The SoftBank partner who invested in dog-walking app Wag decided to become an investor after watching 'Wall Street,' the 1987 film celebrating corporate greed

Jeff Housenbold

  • A new report about the SoftBank Vision Fund describes a culture of ‘vintage Wall Street macho belligerence.’ 
  • The fund has has come under fire for some of its more frivolous investments, like the struggling dog-walking startup Wag. 
  • But at a SoftBank portfolio meeting in October, the managing partner responsible for managing Wag defended his performance by saying he was trying to back female CEOs, Bloomberg reported.
  • At the meeting, Housenbold reportedly proceeded to blame the #MeToo movement for limiting his ability to help both female-led companies. A SoftBank spokesperson denied Housenbold made the comment. 
  • Visit Business Insider’s homepage for more stories.

Jeff Housenbold, managing partner at SoftBank Vision Fund, decided to go into finance back in 1987, after watching Oliver Stone’s depiction of corporate greed in the 1987 film Wall Street with some classmates. 

“When some classmates and I saw the “Wall Street” movie in 1987, it changed my perception of the world because I had never known anyone who made more than my father’s $19,000 salary. I decided that finance was where I wanted to work,” he told the New York Times back in 2012. 

Housenbold, now a managing partner at the SoftBank Vision Fund, appears to have contributed toward creating a culture of “vintage Wall Street macho belligerence,” much like the movie that inspired him, according to a new report. 

SoftBank Vision Fund’s culture, known for its “go big or go home” ethos, is filled with instances of compliance issues and an abnormally high tolerance for risk that have led to some high-profile flops, Bloomberg reported Wednesday. And when reviewing the performance of these investments, Bloomberg reports that Housenbold has sought to deflect the blame.

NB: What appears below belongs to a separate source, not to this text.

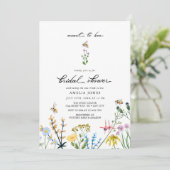 ミツバチと花 | 水彩 結婚前お茶会 招待状 (スタンド正面)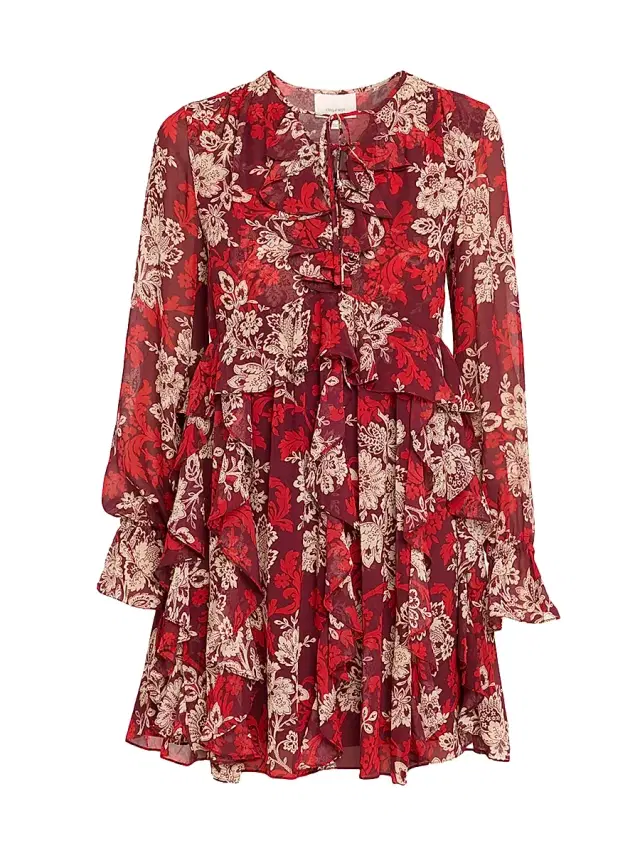 Cinq à Sept Women's Gilded Paisley Ruffle Minidress - Mulberry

High-profile startups like the dog-walking app Wag and the online retailer Brandless have recently struggled, causing SoftBank to either sell back its stake in the company or withdraw funding the company.

Wag has struggled to hold onto customers in recent months. Wag’s old CEO Hilary Schneider recently left the company, to lead Housenbold’s old company Shutterfly.  Meanwhile, Wag has undergone a painful round of layoffs to trim down the company. Earlier this month, SoftBank also sold back its stake in the company.  

Meanwhile the online retailer Brandless has also struggled to turn a profit, prompting SoftBank to withhold funding from the company. Brandless CEO Tina Sharkey stepped down in March. 

At a portfolio meeting in October, Housenbold reportedly argued that his misplaced bets stemmed from his attempt to back female CEOs. He then apparently suggested that the #MeToo movement had limited his ability to help female-led companies, according to the Bloomberg report. A SoftBank spokesperson told Business Insider that Housenbold not made such a comment. 

“The employees involved categorically denied these alleged events ever took place,” a statement from a SoftBank spokesperson said. “We have zero tolerance for any form of harassment or discrimination – it simply has no place in our organization.”